JS: It seems so! Radicalisation that characterises the present times has always been deemed to be—shorn of the apologist’s banner—confined to Islam. Recent events around the world bracket “acts of terror” as a) one perpetrated by Muslims b) in the name of and for Daesh (al-Qaeda, too, have lauded acts of violence that are being attributed to Daesh or Daesh followers!) and c) which is confusing the State about the real identity of the perpetrators and d) even about the motivation for the actions. It does not require imposing imagination to comprehend that almost all the acts of violence is an express result of the “transformative moment through which Islam is passing through”. But despite the simplicity of such an explanation the new challenge for the so-called “urbane” world necessitates novelty. After all some of the incidents that have been termed as Islamist action—with or without Daesh content—might not be as cut-and-dried as has been thought of. The important aspect that must be borne in mind is that until such time there is motivation to kill and maim (especially if it is planned and carried out by determined, violent minds!) the brain will always guide aggression—there are plenty of “warrior genes” inside it in order to steer such action.

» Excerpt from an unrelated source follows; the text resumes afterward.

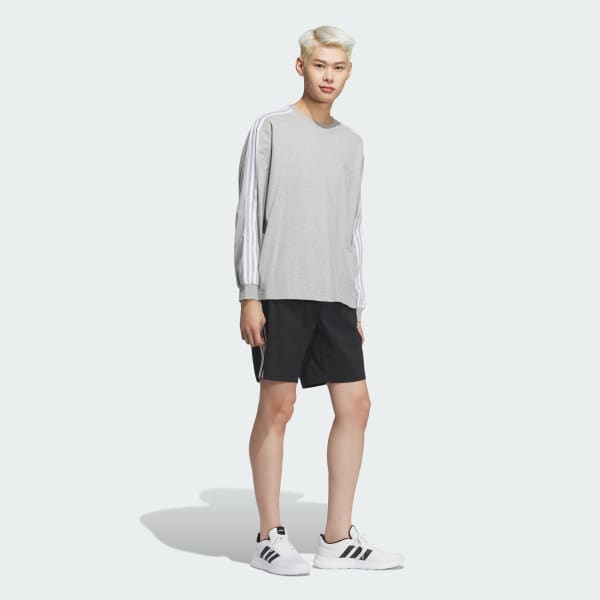 グレー エッセンシャルズ プラス ルーズフィット スリーストライプス 長袖Tシャツ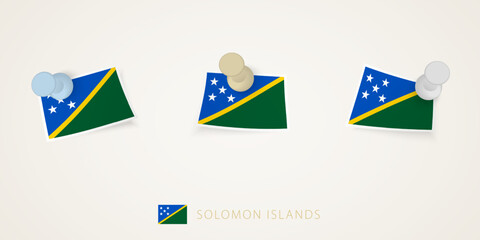 Pinned flag of Solomon Islands in different shapes with twisted corners. Vector pushpins top view.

AR: Where are the Indian authorities in all this? Have they taken note of your analyses and unique theory?
JS: The law-enforcing leadership of Assam (at present), including the numero uno in the bureaucracy which guides it, is not only first-rate practitioners of theory, but are—in many ways—pioneers in administration. They are also receptive to innovation and nuances that may (in the first instance) may not make any sense. Now, this is remarkable out-of-the-box thought and is in stark opposition to the doggedness with which a non-existent de-radicalisation programme continues to be pursued in a terror-torn world. The people charged with such duties in Assam understand the dynamics and I am certain (unlike their counter parts in the rest of India, including the elite Intelligence Bureau) would permit the above theory at least a close examination. It is not going to be easy, but if anyone can gaze into the future trajectories of terrorism that would be upon us then it is the unique combination of two people in Assam who incidentally are from the same batch of the IAS and the IPS, i.e., 1988! But there is a caveat. Even as counter radicalisation methods are fine tuned and put into practice, what cannot be dismissed is the deviant brain factor (some details of which were spelt out above!), the possibility that a killer acts in the name of Islam in order to access a “psychological sanctuary” which suddenly came into existence with the declaration of a “caliphate”. The awareness that her act of barbarism has the sanction of a divine authority only propels her forward. To that end, the battle to overcome deviant thought has to be preceded by a correct comprehension of the fundamentals. It does not require the cogitation of a “Grand Zedi Order”, but at the same time it is too serious a matter to be left to the conventional. Devotion to neuro-psychology must, therefore, be viewed as a custom that should not be honoured in its breach, but by recourse to quiet observance.